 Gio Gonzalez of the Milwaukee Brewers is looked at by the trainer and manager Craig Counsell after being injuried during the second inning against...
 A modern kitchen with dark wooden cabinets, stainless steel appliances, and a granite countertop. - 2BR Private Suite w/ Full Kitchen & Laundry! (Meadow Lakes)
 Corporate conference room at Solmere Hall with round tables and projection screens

---

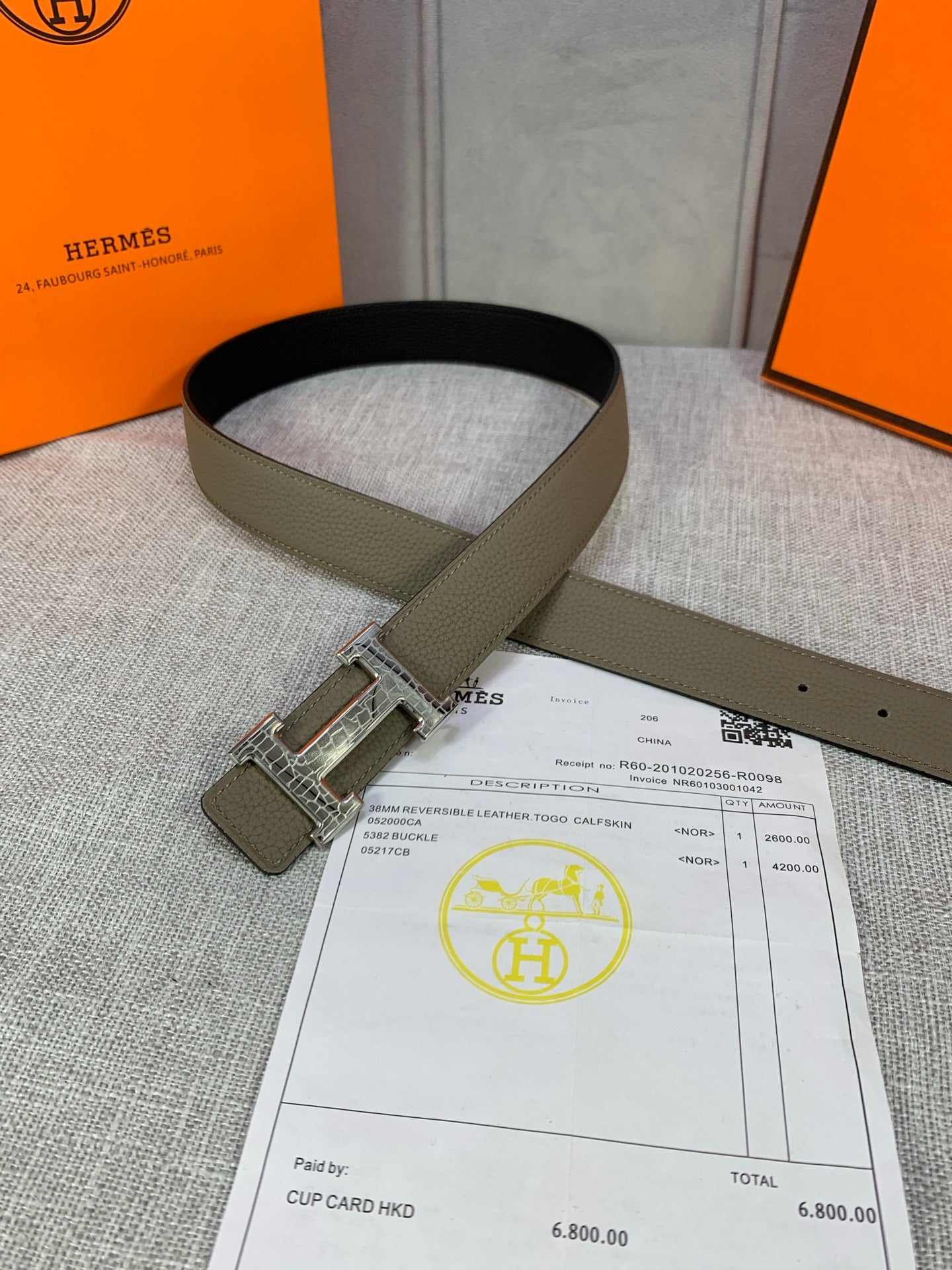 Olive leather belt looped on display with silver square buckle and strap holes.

--

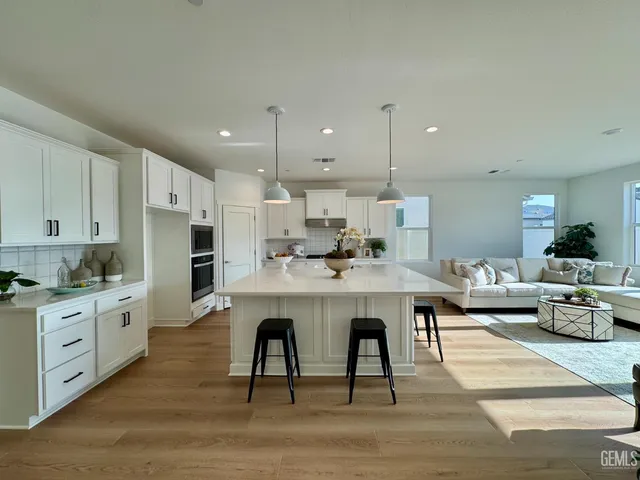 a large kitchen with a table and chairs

§ **Goal of the exercise**
Give back, unchanged, the run of lines in the listing above that begins at the line containing "Gio Gonzalez of" and ends at the line containing "Corporate conference room", both included.

§ **Worked solution**
 Gio Gonzalez of the Milwaukee Brewers is looked at by the trainer and manager Craig Counsell after being injuried during the second inning against...
 A modern kitchen with dark wooden cabinets, stainless steel appliances, and a granite countertop. - 2BR Private Suite w/ Full Kitchen & Laundry! (Meadow Lakes)
 Corporate conference room at Solmere Hall with round tables and projection screens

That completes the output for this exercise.